How to complete this task: What you return must match the data below exactly, minus any pictures.

[Stored dataset items]
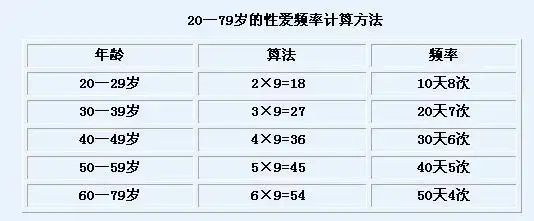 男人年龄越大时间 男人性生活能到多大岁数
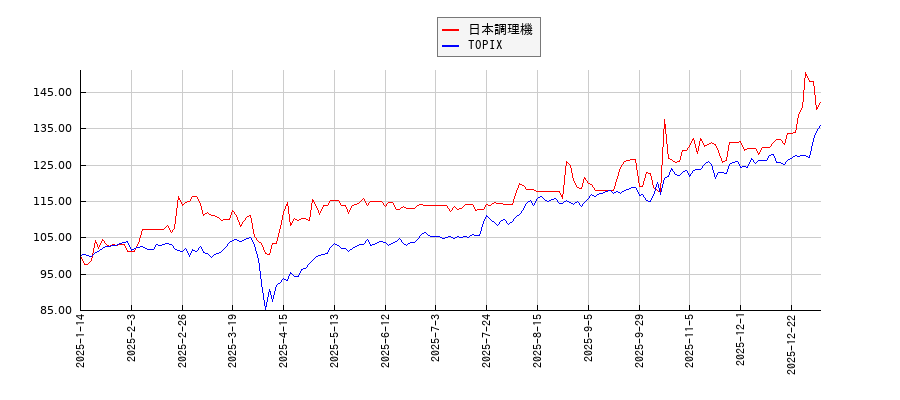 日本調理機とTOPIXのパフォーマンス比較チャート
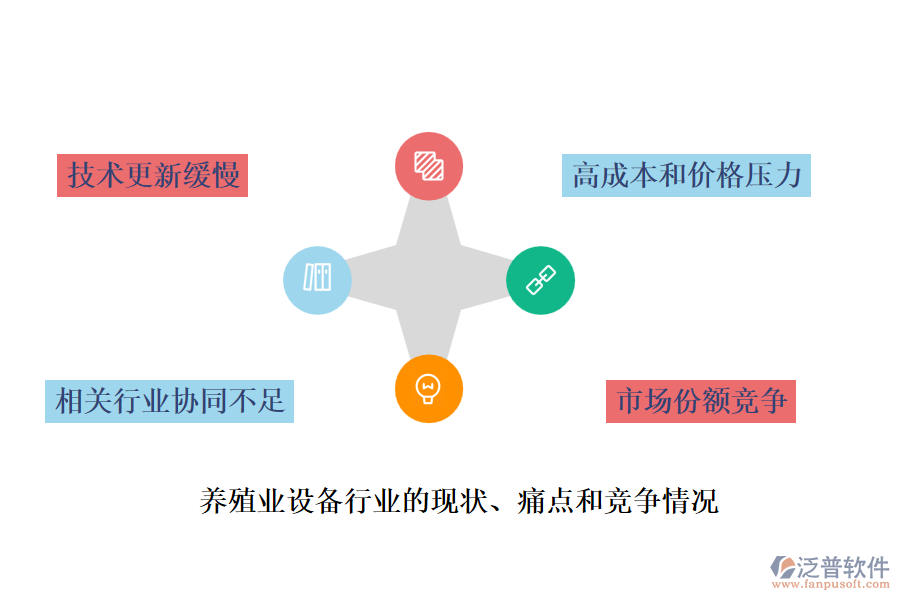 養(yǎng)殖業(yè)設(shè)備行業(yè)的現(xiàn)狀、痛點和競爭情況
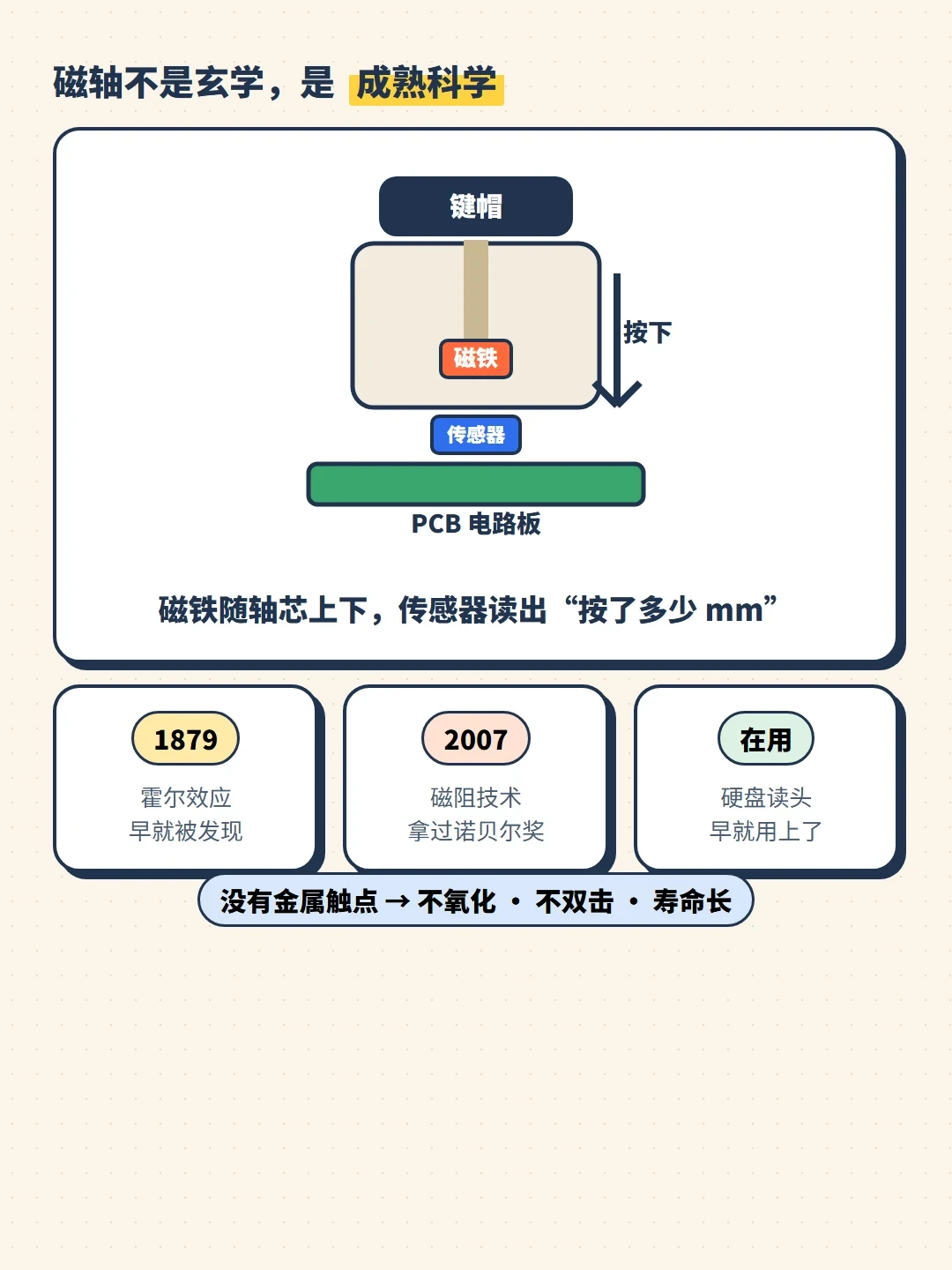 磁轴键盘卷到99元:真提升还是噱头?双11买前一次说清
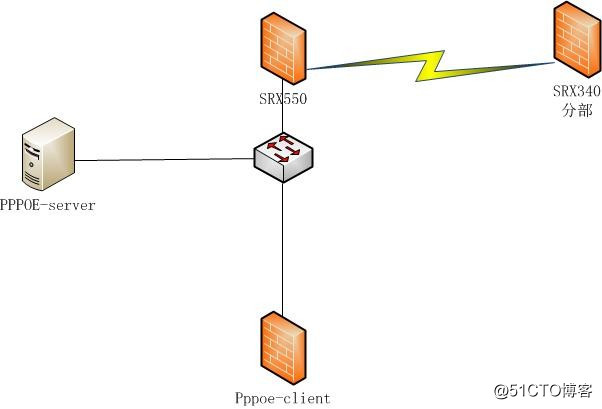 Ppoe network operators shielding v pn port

Output of the exercise:
 男人年龄越大时间 男人性生活能到多大岁数
 日本調理機とTOPIXのパフォーマンス比較チャート
 養(yǎng)殖業(yè)設(shè)備行業(yè)的現(xiàn)狀、痛點和競爭情況
 磁轴键盘卷到99元:真提升还是噱头?双11买前一次说清
 Ppoe network operators shielding v pn port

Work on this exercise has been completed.